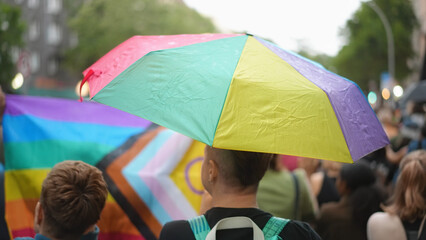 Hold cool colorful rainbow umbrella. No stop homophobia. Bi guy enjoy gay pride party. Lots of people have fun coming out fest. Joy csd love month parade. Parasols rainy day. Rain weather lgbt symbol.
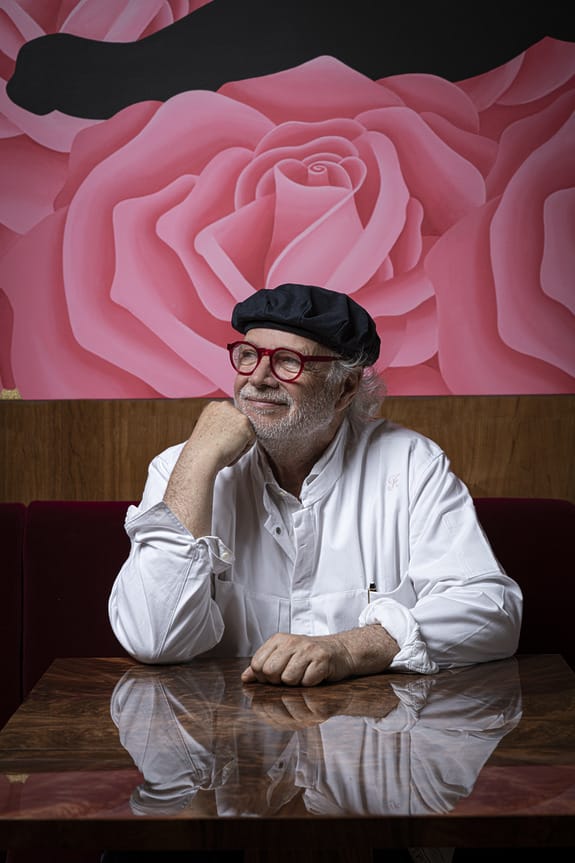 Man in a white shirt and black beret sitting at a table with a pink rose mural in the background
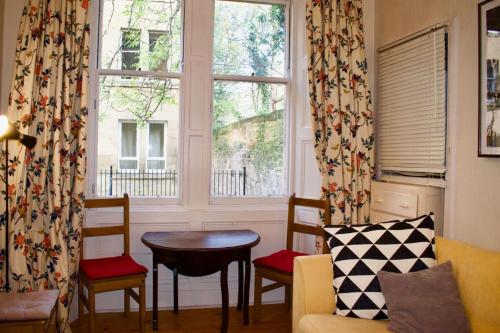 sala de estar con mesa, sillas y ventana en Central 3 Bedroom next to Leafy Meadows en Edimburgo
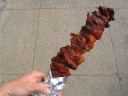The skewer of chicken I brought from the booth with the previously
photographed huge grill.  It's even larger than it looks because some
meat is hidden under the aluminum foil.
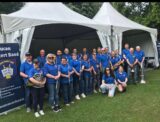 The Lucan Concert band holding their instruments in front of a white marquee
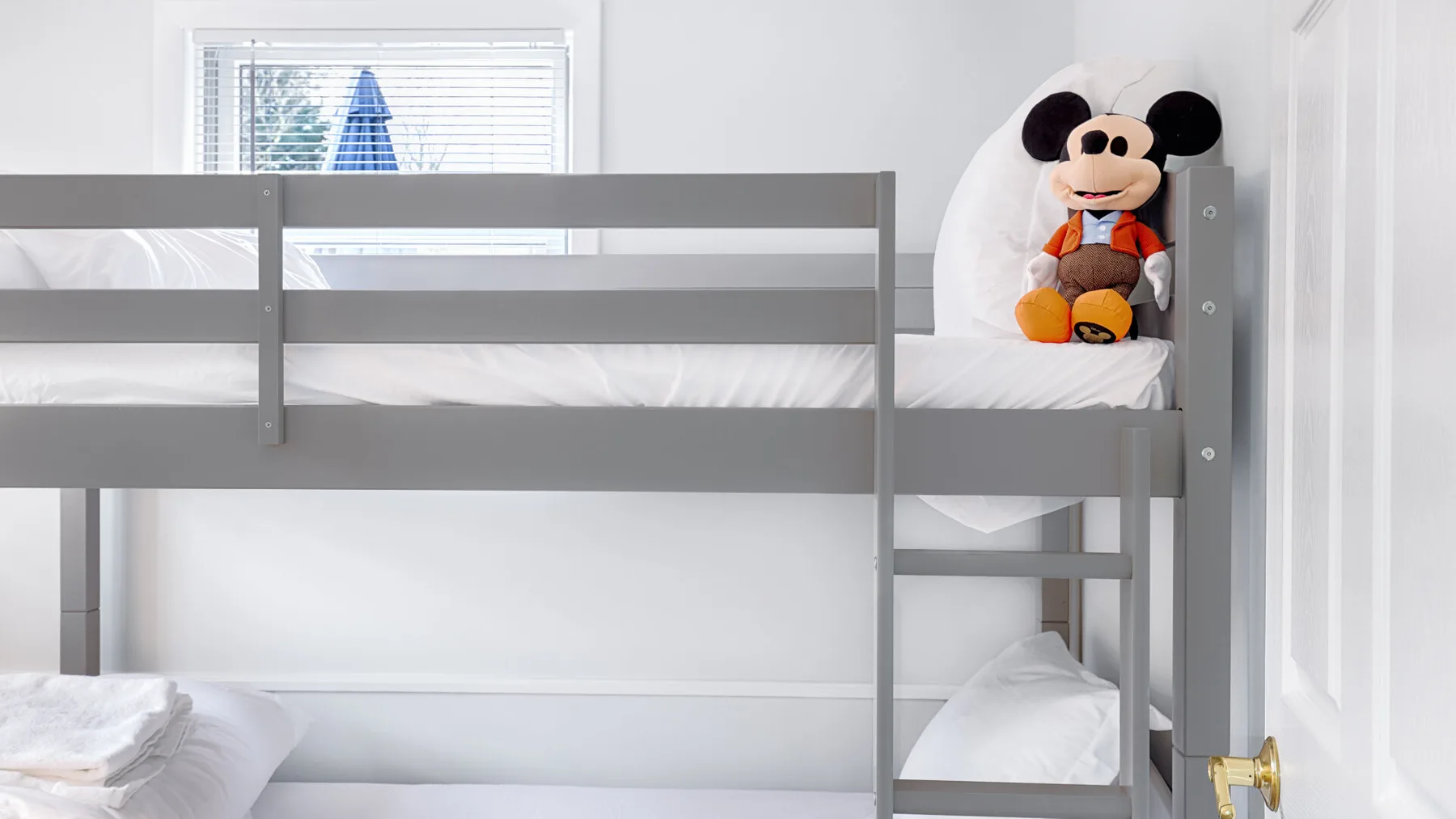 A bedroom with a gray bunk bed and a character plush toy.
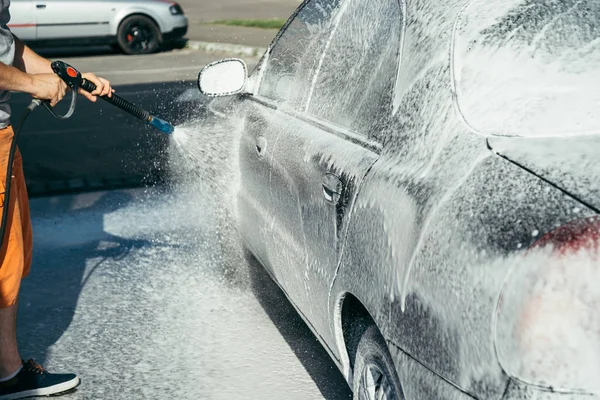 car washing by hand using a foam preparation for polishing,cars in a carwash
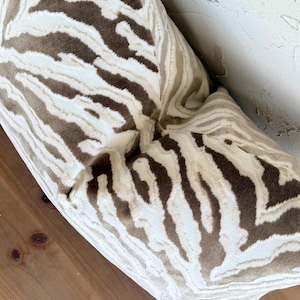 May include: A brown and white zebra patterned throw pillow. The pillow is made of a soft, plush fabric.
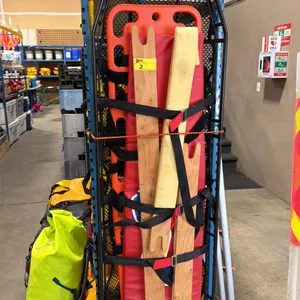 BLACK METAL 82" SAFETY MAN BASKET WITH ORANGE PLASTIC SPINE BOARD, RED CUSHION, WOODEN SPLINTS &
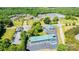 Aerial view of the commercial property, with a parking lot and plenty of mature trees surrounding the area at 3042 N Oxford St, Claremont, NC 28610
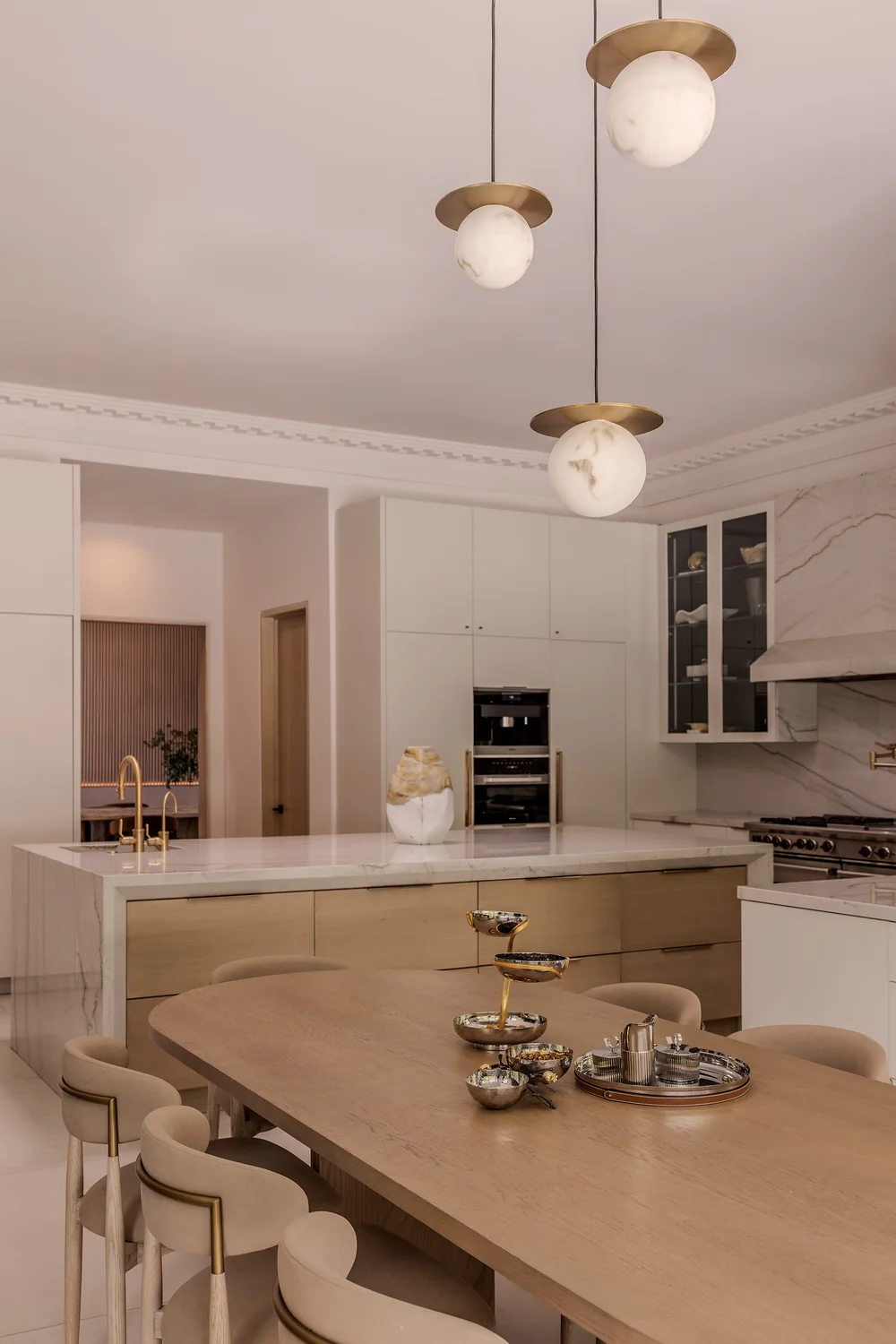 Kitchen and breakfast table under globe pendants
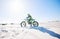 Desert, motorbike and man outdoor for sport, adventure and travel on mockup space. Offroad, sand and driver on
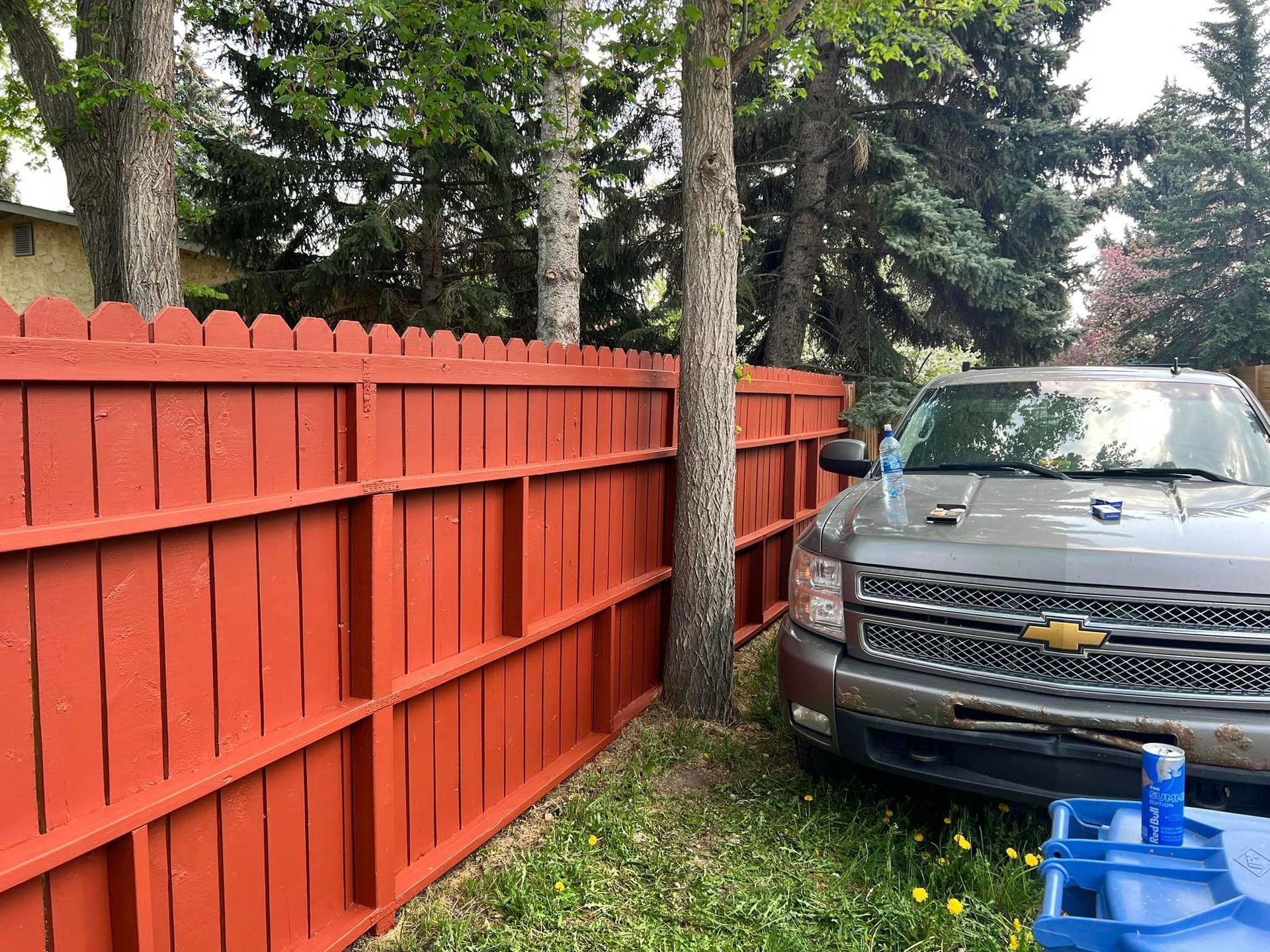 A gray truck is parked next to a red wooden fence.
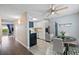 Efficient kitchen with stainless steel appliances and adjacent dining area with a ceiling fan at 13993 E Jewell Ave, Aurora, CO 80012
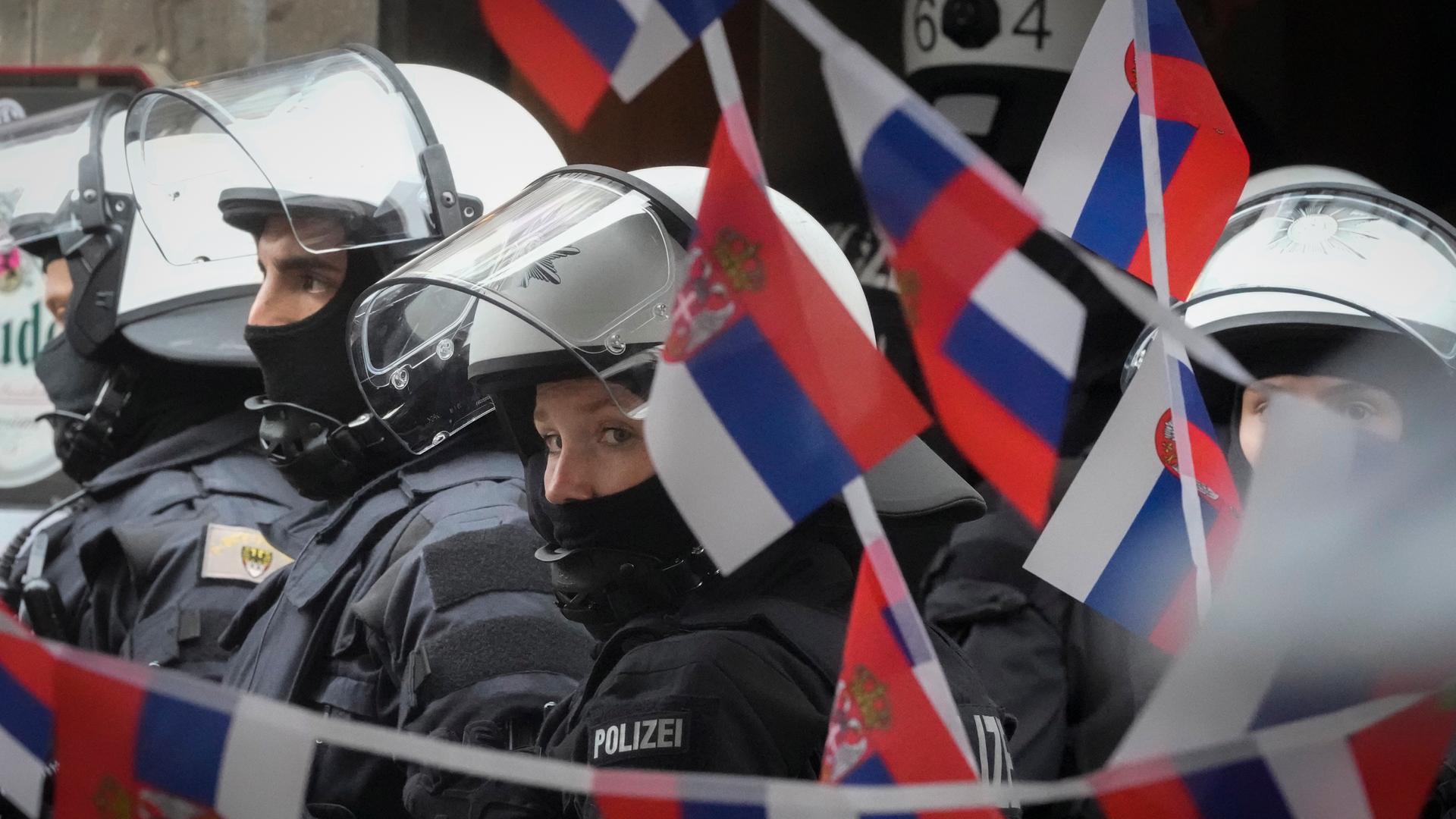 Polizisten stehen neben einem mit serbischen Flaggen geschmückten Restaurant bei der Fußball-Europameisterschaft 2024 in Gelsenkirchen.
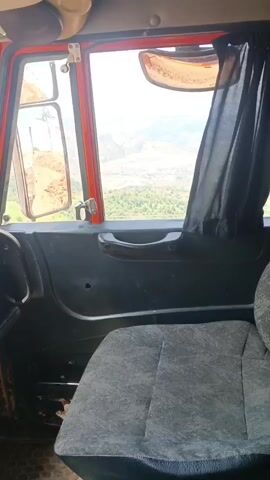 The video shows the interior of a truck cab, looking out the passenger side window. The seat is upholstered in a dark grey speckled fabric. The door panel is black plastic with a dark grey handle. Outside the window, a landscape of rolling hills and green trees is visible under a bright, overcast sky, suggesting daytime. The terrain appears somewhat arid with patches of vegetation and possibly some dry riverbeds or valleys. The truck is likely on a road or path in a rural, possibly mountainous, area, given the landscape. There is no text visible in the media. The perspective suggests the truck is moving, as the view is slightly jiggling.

◆ ◆ ◆ ◆ ◆ ◆ ◆

■ Work instructions
Copy all of the material word for word, and include none of its pictures.

■ Written solution
 Hold cool colorful rainbow umbrella. No stop homophobia. Bi guy enjoy gay pride party. Lots of people have fun coming out fest. Joy csd love month parade. Parasols rainy day. Rain weather lgbt symbol.
 Man in a white shirt and black beret sitting at a table with a pink rose mural in the background
 sala de estar con mesa, sillas y ventana en Central 3 Bedroom next to Leafy Meadows en Edimburgo
The skewer of chicken I brought from the booth with the previously
photographed huge grill.  It's even larger than it looks because some
meat is hidden under the aluminum foil.
 The Lucan Concert band holding their instruments in front of a white marquee
 A bedroom with a gray bunk bed and a character plush toy.
 car washing by hand using a foam preparation for polishing,cars in a carwash
 May include: A brown and white zebra patterned throw pillow. The pillow is made of a soft, plush fabric.
 BLACK METAL 82" SAFETY MAN BASKET WITH ORANGE PLASTIC SPINE BOARD, RED CUSHION, WOODEN SPLINTS &
 Aerial view of the commercial property, with a parking lot and plenty of mature trees surrounding the area at 3042 N Oxford St, Claremont, NC 28610
 Kitchen and breakfast table under globe pendants
 Desert, motorbike and man outdoor for sport, adventure and travel on mockup space. Offroad, sand and driver on
 A gray truck is parked next to a red wooden fence.
 Efficient kitchen with stainless steel appliances and adjacent dining area with a ceiling fan at 13993 E Jewell Ave, Aurora, CO 80012
 Polizisten stehen neben einem mit serbischen Flaggen geschmückten Restaurant bei der Fußball-Europameisterschaft 2024 in Gelsenkirchen.
 The video shows the interior of a truck cab, looking out the passenger side window. The seat is upholstered in a dark grey speckled fabric. The door panel is black plastic with a dark grey handle. Outside the window, a landscape of rolling hills and green trees is visible under a bright, overcast sky, suggesting daytime. The terrain appears somewhat arid with patches of vegetation and possibly some dry riverbeds or valleys. The truck is likely on a road or path in a rural, possibly mountainous, area, given the landscape. There is no text visible in the media. The perspective suggests the truck is moving, as the view is slightly jiggling.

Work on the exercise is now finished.